At once angry and vulnerable, on 8 REASONS she sings “I love to make music / But my head got wrecked by the business,” and on the recent single TAKE ME TO CHURCH “I don’t wanna sing from where I sang before” (and also “I’ve done so many bad things it hurts”).
She declares “Always got to be the lioness / Taking care of everybody else / A woman like me needs a man to be stronger than herself,” over r&b in HOW ABOUT I BE ME? (rapturous and vaguely reminiscent of her biggest hit). Elsewhere a mistress has to content herself with the lingering scent of her absent lover during YOUR GREEN JACKET, a nervous new bride hopes for gentleness from her husband in THE VISHNU ROOM and, on JAMES BROWN (an Afro-beat / funk work-out with Fela Kuti’s son Feun on saxophone), O’Connor even lets her rarely displayed fun side out to play: “In the words of James Brown / I came to get down”. Sparse closer STREETCARS (“There’s no safety to be acquired / Riding streetcars named desire”) is absolutely stunning; breath to whisper to scream and back.

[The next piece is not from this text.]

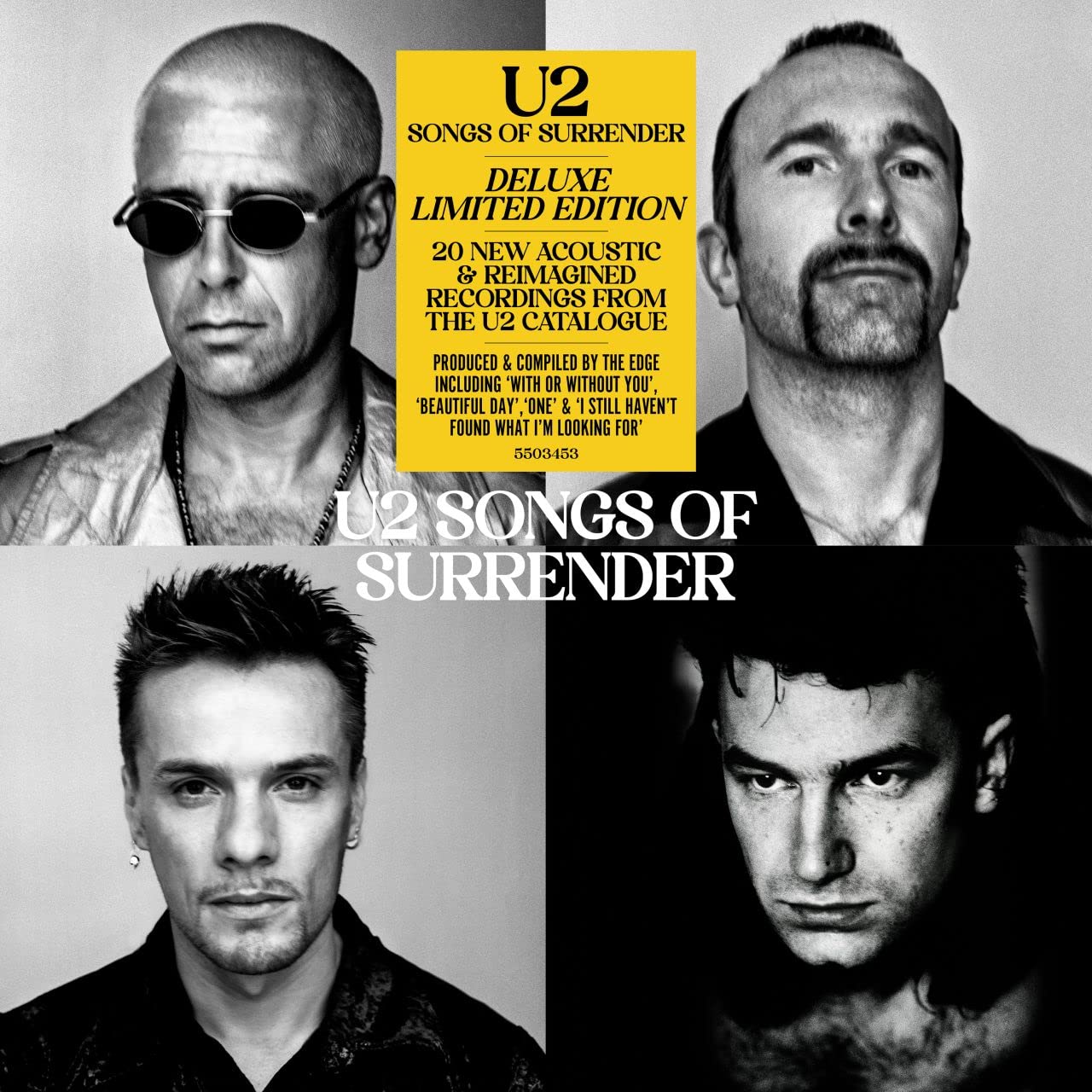 U2 - SONGS OF SURRENDER ltd CD - Slika 2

O’Connor’s remarkable voice has remained a constant but the last truly great, truly cohesive, work was UNIVERSAL MOTHER in 1994 (GOSPEL OAK in 1997 and FAITH AND COURAGE in 2000 came close – particularly the latter’s JEALOUS, which may well be her greatest single moment). The predilection for slightly watery generic dub-rock reggae which followed on all subsequent work continues here, but there are other elements, too; gospel tinges, ethereal nuances (THE VISHNU ROOM was presumably created with Brian Eno, who figures in the album credits), trippy beats, rock attitude and, howling in the faces of the hell-hounds on her trail, swamp blues swagger (THE VOICE OF MY DOCTOR and KISSES LIKE MINE). But is I’M NOT BOSSY, I’M THE BOSS actually any good..? Despite her assurance that her tenth album is a collection of character songs it’s very much a Sinéad O’Connor record… And she’s an interesting bunch of gals.